TURISMO. ITALIA. CROCIERE: PORTI ITALIANI VERSO UN 2026 DA RECORD CON 15,4 MILIONI DI PASSEGGERI

TURISMO. ITALIA. CROCIERE: PORTI ITALIANI VERSO UN 2026 DA RECORD CON 15,4 MILIONI DI PASSEGGERI

(Ti Lancio dall’Italia) Roma 31 ottobre 2025  – Il settore crocieristico italiano non mostra segni di rallentamento e si prepara a tagliare un traguardo storico. Secondo le recenti proiezioni, i porti della Penisola registreranno un flusso di 15,4 milioni di passeggeri nel 2026 , confermando l’Italia come la destinazione leader del Mediterraneo e uno degli hub crocieristici più importanti a livello globale.

Queste cifre da record non sono solo un segnale di ripresa del turismo post-pandemia, ma riflettono una profonda fiducia nel settore, sostenuta da un massiccio piano di investimenti.

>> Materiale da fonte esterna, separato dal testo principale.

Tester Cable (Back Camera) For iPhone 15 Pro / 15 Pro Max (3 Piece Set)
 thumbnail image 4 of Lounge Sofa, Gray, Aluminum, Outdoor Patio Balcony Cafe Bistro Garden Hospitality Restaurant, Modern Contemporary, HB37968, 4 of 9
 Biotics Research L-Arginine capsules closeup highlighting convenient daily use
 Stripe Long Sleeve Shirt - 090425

A supporto di questa attesa di crescita, il sistema portuale italiano ha varato un ambizioso piano di investimenti. Per il triennio 2026-2028 , sono previsti oltre 1 miliardo di euro destinati alla riqualificazione e all’innovazione delle infrastrutture marittime. Gran parte dei fondi sarà convogliata verso progetti di elettrificazione delle banchine (cold ironing ), permettendo alle navi di spegnere i motori in porto e di ridurre drasticamente le emissioni e l’inquinamento acustico.
Potenziamento e allungamento dei moli e dei terminali per poter accogliere le navi da crociera di ultima generazione, sempre più grandi. Il miglioramento della logistica e delle procedure portuali attraverso l’innovazione digitale, garantendo maggiore efficienza e sicurezza per i passeggeri.
La previsione di 15,4 milioni di passeggeri nel 2026 segna un incremento significativo rispetto agli anni precedenti, consolidando il ruolo economico del settore crocieristico in Italia. Ogni scalo crocieristico genera un notevole indotto che coinvolge trasporti, servizi commerciali, artigianato e ristorazione nelle città portuali e nelle aree limitrofe. La crescita è trainata non solo dai porti storici come Civitavecchia (Roma), Napoli e Genova, ma anche da scali emergenti che si stanno specializzando nel turismo di nicchia e di lusso. L’impegno congiunto di compagnie di navigazione, autorità di sistema portuale e Governo italiano, volto a modernizzare gli approdi e a rendere l’offerta più sostenibile e competitiva, dimostra come il comparto crocieristico sia un pilastro strategico per l’intera filiera turistica nazionale. I risultati attesi nel 2026 e il volume degli investimenti confermano che il futuro del turismo in Italia passerà anche per il mare.